More than four million Zimbabweans are believed to be living in the Diaspora, and as their country prepares to vote this Saturday in general elections, the Diaspora is making it known it also wants to be a part of the political process. But according to Zimbabwe’s electoral laws, anyone who has been outside of the country for more than a year cannot vote.

Dumaphi Mema is president of the Association of Zimbabweans Abroad. From Dallas, Texas, he told VOA Zimbabweans in the Diaspora were forced to flee their country and should not be punished.

“Most Zimbabweans living abroad would like to participate in the electoral process in Zimbabwe. And I think this idea has been tried in the last election cycle. We did get involved in a petition that was signed and there was a court case in Harare where somebody from South Africa was trying to spearhead that the Diaspora should also participate in election in Zimbabwe. At that time we discovered that the constitution does not allow the Diaspora to vote…so as of now for this year’s election on March 29, again the idea has come up. Several Diaspora groups have come together to lobby the international community, especially SADC (Southern Africa Development Community) to try and pressure the government of Zimbabwe to change the constitution to allow the Diaspora to also vote in the election,” he said.

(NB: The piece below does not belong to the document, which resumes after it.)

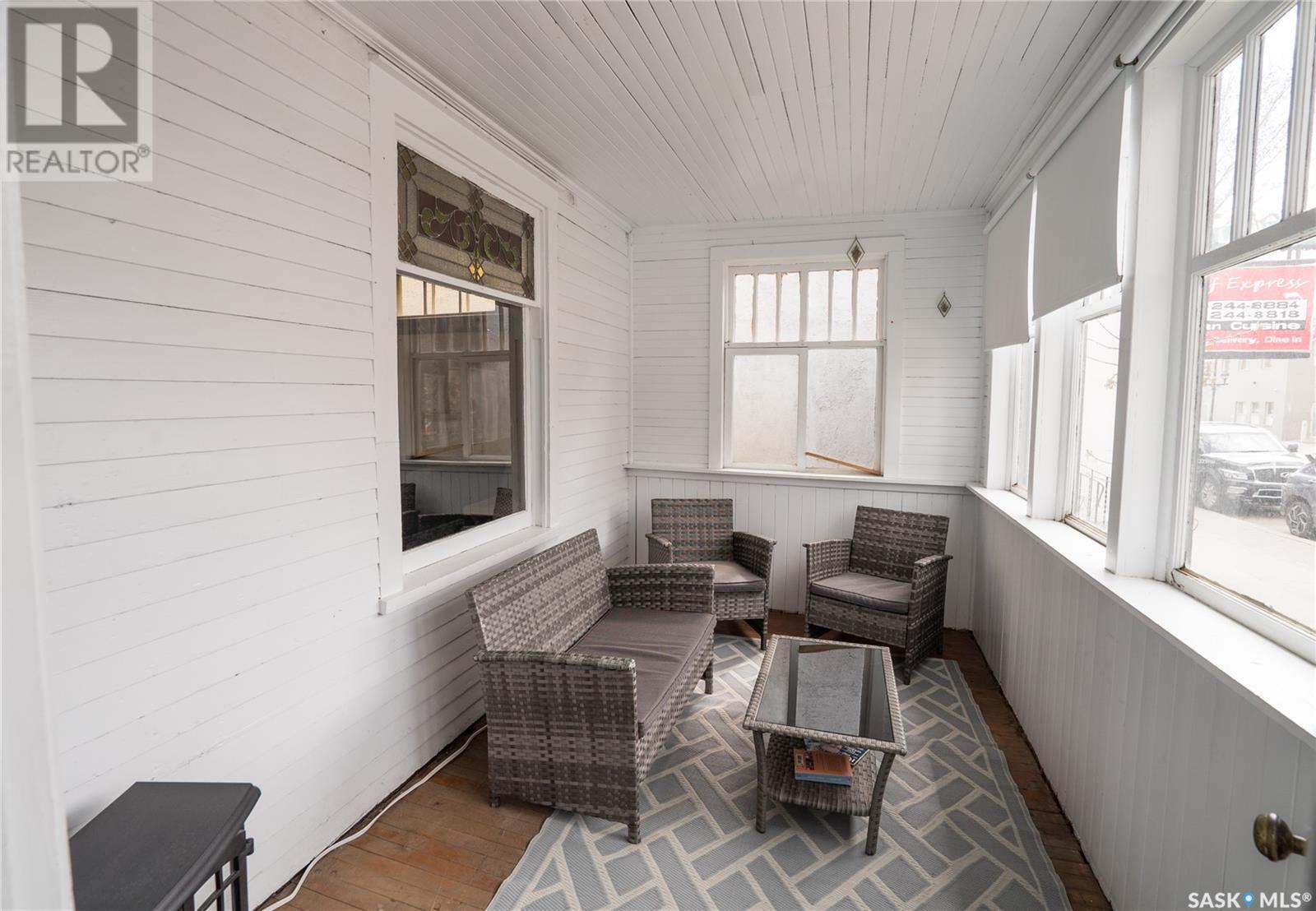 Property at 318 C AVENUE S image 2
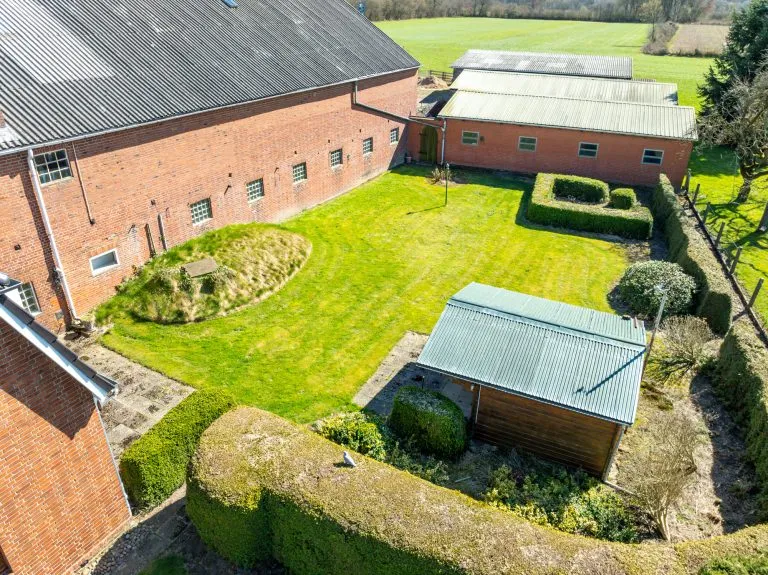 Moellerherm Immobilien - Immobilienangebot - Grabau - Alle - Landwirtschaftlich geprägte Hofstelle mit umfangreichen Nutzflächen und vielseitigen Möglichkeiten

Mema agreed that it might be too late for the Zimbabwe Diaspora to vote in Saturday’s election. But he said they are aiming for future elections.

“For this election cycle, definitely it’s too late. But it is a symbolic action, that’s what we trying to do. In other words, it’s going to take a long time before that can be done, if ever it can be done. At this time we are setting the stage to raise eyebrow, especially for the civic groups in Zimbabwe that we are trying to work with to make this to happen so that in the future, whether it’s going to be five, ten years from today, at least those in the Diaspora should be able to vote without having to travel,” Mema said.

He said the Zimbabwe Diaspora is convinced Saturday’s election will not be free and fair.

“The playing field has never been leveled for all the participants of the election. It also advantages the current president of the ruling party. Most of the people that are in Diaspora left Zimbabwe because they were unhappy either with the political system or the economy. And therefore if we are allowed to vote they will definitely vote Mugabe out of power. And we know that he will never allow that to happen because he will be taking himself out of power, “ he said.

Mema said Zimbabweans in the Diaspora have been playing a major role in the political process through mobilizing financial support for certain candidates.

“We do have people here that are supporting certain candidates like people for the MDC (Movement for Democratic Change), people for Makoni (Simba), and people for the other third candidate. For example, I will take the MDC. We have quite certain structures here for the MDC. And their role has been to mobilize financial to send back to their parties at home so that they can campaign effectively and be able to travel,” Mema said.